Красивая блондинистая дама помогла мне вкусить волшебную силу слов. Она вселяла в меня уверенность, незримо стояла за моей спиной, пока я не написала свою первую книгу. Она подсказала мне, что слова можно трогать и даже гладить, брать руками, присваивать себе. Она научила меня не бояться слов на бумаге. Посмотрите! Они же не кусаются! Чего вы так испугались? Попробуйте их приручить! Главное, не спешите, действуйте мягко. Пишите.
И я писала. Сперва – с удивлением, потом, несколько осмелев, с возбуждением, и наконец, с упоением.
Благодаря ей я обрела свою территорию, свое пространство, и чувствую себя в неоплатном долгу. Она уступила мне свое место, предложила делать то, чем не желала заниматься сама. Она открыла мне воображаемый мир, тот запретный мир, который возникал в ее сознании, стоило ей прикрыть глаза. Она наслаждалась им тайно, не позволяла себе писать. Почему? Ответа на этот вопрос я не знаю. Я знаю только, что она, словно добрая фея, подарила мне власть над словами. Она была ко мне внимательна и требовательна, но не пыталась меня подавить. Она никогда не позволила бы себе заявить, как это делают иные властные, самоуверенные матери: «Вы – мое творение. Без меня вы бы ничего не добились». Она тихонько смотрела как я пасусь в своем загончике, ничего не требуя взамен.
Моя мать…
Она отказывалась их читать, потому что я писала их под своим именем, под именем ее недостойного мужа.

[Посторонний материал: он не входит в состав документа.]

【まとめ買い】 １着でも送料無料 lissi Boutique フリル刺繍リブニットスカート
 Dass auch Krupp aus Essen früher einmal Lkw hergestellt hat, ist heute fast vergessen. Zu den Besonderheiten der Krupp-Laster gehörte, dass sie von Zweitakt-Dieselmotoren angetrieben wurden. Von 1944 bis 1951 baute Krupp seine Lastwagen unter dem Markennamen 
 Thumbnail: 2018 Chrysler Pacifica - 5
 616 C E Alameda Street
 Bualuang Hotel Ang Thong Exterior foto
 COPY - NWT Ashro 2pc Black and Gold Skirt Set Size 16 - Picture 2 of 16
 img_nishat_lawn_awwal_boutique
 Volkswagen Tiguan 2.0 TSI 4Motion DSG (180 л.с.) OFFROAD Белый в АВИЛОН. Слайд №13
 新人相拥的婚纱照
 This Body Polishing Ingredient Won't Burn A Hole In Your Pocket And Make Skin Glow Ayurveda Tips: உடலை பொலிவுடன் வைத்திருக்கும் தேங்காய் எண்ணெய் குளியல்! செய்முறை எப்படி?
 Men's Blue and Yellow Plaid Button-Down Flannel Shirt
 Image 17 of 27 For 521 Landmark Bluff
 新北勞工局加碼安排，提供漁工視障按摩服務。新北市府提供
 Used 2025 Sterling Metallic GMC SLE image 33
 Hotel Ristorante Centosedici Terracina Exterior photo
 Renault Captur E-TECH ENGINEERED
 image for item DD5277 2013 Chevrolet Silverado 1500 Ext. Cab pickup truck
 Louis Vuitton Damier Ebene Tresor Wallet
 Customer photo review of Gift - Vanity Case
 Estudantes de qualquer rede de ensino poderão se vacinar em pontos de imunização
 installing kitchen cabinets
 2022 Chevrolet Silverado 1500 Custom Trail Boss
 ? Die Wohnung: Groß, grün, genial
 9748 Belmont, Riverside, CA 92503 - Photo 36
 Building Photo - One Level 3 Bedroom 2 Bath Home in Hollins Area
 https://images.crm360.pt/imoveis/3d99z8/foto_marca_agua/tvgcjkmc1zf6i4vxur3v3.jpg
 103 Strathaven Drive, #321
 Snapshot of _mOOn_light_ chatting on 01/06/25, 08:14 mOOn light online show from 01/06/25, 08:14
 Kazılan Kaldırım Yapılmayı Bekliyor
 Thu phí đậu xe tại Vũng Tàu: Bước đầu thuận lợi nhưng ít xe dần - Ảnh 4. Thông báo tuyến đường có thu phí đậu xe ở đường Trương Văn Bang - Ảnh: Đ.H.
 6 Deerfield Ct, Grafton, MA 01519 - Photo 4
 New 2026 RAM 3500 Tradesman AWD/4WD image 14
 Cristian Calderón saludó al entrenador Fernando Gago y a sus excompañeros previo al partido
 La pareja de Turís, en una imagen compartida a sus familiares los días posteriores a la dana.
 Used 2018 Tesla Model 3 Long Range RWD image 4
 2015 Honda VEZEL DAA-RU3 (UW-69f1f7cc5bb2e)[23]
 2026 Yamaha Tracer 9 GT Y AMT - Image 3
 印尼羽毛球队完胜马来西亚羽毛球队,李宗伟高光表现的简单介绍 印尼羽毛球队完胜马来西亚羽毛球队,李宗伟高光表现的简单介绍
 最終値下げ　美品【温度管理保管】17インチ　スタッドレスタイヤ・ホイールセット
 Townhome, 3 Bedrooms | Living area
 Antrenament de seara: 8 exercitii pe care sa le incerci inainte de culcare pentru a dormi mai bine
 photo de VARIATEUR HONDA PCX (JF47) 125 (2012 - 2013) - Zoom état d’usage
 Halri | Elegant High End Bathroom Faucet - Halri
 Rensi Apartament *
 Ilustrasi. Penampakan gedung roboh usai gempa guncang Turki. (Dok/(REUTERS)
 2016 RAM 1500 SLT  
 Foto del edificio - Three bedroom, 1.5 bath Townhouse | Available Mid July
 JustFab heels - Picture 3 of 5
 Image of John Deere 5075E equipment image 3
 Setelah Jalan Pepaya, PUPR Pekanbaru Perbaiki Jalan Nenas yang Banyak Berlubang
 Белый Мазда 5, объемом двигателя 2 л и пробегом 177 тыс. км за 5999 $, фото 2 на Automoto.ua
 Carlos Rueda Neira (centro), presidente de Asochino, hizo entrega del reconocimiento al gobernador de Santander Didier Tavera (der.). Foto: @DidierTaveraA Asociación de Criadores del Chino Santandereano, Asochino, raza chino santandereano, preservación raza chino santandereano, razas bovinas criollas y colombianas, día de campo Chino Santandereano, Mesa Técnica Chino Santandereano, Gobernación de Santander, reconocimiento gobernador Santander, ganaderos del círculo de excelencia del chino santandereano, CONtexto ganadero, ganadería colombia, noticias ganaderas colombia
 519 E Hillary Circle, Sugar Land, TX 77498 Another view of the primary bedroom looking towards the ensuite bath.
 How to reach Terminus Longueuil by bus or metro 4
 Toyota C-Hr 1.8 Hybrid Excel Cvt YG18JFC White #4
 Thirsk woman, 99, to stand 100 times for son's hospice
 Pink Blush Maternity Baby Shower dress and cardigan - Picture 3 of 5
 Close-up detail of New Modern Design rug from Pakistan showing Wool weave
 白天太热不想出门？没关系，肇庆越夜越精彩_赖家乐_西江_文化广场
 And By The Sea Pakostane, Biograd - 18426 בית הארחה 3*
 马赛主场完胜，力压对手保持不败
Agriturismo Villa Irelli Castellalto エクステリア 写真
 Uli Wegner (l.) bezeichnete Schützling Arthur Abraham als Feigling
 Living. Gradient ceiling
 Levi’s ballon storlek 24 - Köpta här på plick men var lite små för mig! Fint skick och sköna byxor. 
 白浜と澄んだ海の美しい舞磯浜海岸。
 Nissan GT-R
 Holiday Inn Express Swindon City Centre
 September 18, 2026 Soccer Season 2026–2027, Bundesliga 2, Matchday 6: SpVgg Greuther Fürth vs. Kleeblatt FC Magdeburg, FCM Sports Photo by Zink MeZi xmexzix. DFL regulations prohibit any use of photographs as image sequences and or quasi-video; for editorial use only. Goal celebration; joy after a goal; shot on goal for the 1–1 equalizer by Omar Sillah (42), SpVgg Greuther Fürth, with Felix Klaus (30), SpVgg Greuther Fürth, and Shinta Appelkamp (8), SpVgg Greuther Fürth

Это ненавистное имя, набранное крупными буквами, смотрело на нее с каждой обложки.
Когда я посылала ей очередную книгу (иногда я не посылала их вовсе, я была слишком зла на нее, чтобы послушно положить свое детище в конверт, подписанный ее именем), она откладывала ее в сторонку, чтобы прочитать когда-нибудь потом. В данный момент ей было некогда.
Она листала их прямо в магазине, но покупать не хотела. Книги нынче недешевы! Приходится платить сумасшедшие деньги, ты не находишь? Она листала их стоя, потом закрывала и говорила мне: – Не понимаю как такое можно печатать.
Такое…
– Я так хорошо пишу, – продолжала она. – Я посылала свои рукописи во все издательства, и никто никогда не предложил мне напечататься. А ты… Я не понимаю. Когда ты, наконец, напишешь такую книгу, чтобы я могла тобой гордиться? Вот один мой друг, некто Лаплас, выпустил прекрасную книгу, в высшей степени достойную, на историческую тему, про кардинала Ришелье.
– Вот как? И кто же издатель? – спрашиваю я, мысленно готовясь к схватке. – Что-то я ничего о ней не слышала.
– Он опубликовал ее за свой счет и вынужден сам заниматься распространением. Прекрасная книга, поучительная, хорошо написана. А ты… Не станешь же ты утверждать, что то, что ты пишешь, и есть литература?
И при этих словах мои книги вдруг исчезали, словно испарялись, превращались в дым. Я чувствовала себя подавленной, опустошенной. Только злость придавала мне сил, заставляла не сдаваться, всякий раз начинать сначала с единственной целью: поймать на себе ее расстроганный взгляд, услышать из ее уст сдержанную похвалу, увидеть как ее губы расплываются в благодарной улыбке. Я писала только затем, чтобы победить ее, побороть ее презрительное безразличие.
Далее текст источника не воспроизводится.